26.祝賀会で
いつもお読みいただきありがとうございます。
主催者である王家への挨拶を済ませて二人は軽い飲み物をいただいていた。
そしてその周囲には様子をうかがう人達が遠巻きに覗いている。
これはアメリアとエルカイルの事は皆知っているという事で決まりだろう。だからこそ婚約破棄したのだから何故パートナーとして出席しているのかが不思議という感じだろうか。
一応、主催である公国の大公夫妻には挨拶の際に国交を回復しましたと軽く説明をしたがそれをここであからさまに言うのも無作法だ。二人の雰囲気を見て察して欲しいところだが。
「お姉様、やっといらっしゃいましたのねぇ~。」
軽く赤い顔をしたカメリアが、ぐるりと取り囲まれた人の輪の中から気まずい顔をしたユータスを引き連れて現れた。

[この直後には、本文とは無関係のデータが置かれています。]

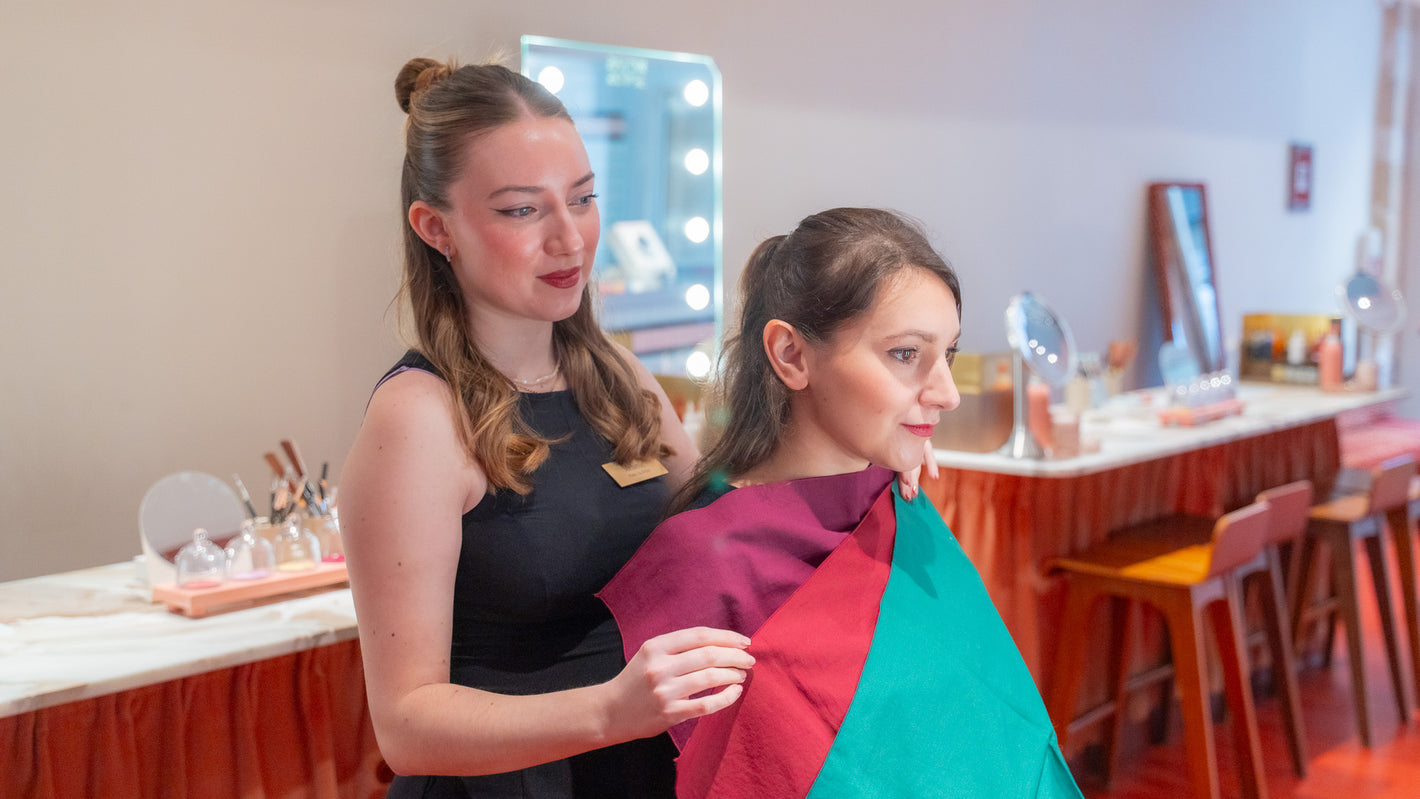 Atelier colorimétrie et création produit sur mesure chez Baton Rouge Paris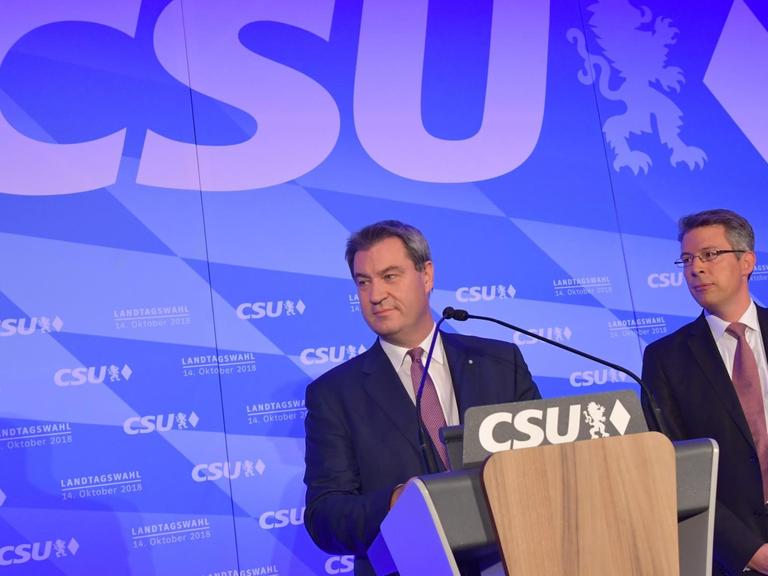 Bayern, München: Markus Söder (l, CSU), Ministerpräsident von Bayern, kommt zur Wahlparty der CSU in den Landtag und spricht zu den Anhängern. Die Wähler in Bayern haben ein neues Landesparlament gewählt. Rechts neben ihm steht Markus Blume, Generalsekretär der CSU.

「あら、カメリア。お待たせしてしまったのねごめんなさい。」
「ユータス様が一緒だったので少しお酒も頂いちゃいましたぁ。」
カメリアは近くに寄ってくるとニッコリ笑う。
クリークの宝石姫と呼ばれる二人の姫が揃ったことにより、周囲の生ぬるい空気がすこしだけ和らいだ。
「アメリア嬢、……久しぶり。」
「ああ、ユータス様。お久しぶりです。随分お会いしていない間に随分色々されたようで……ご無事で何よりです。」
「いや、すまなかった。まさか貴方がカメリア嬢の代わりにルイタスに行っていたとは思わず、会ってもくれずにあっさり結婚の申し出を断られた事に心が傷ついてしまい『つい』頭に血が上ってしまったのだ。」
「まあ……そうでしたか。」
もしアメリアがクリークにいたとしてもその申し出にはあっさり断ったのだが今はそれについては触れない方が良いだろう。
「所で、ガゼリアのエルカイル殿下との話は白紙になったと聞いているが?」
ユータスはちらりとエルカイルに目をやった。
「ああ。カメリア嬢との婚約だったからな。人違いとわかったので白紙にしたよ。今はアメリア嬢とは友人からやり直している。」
ユータスのお手柄というべきか丁度良い方向に話が流れてエルカイルの口から今の状況の説明が出来た。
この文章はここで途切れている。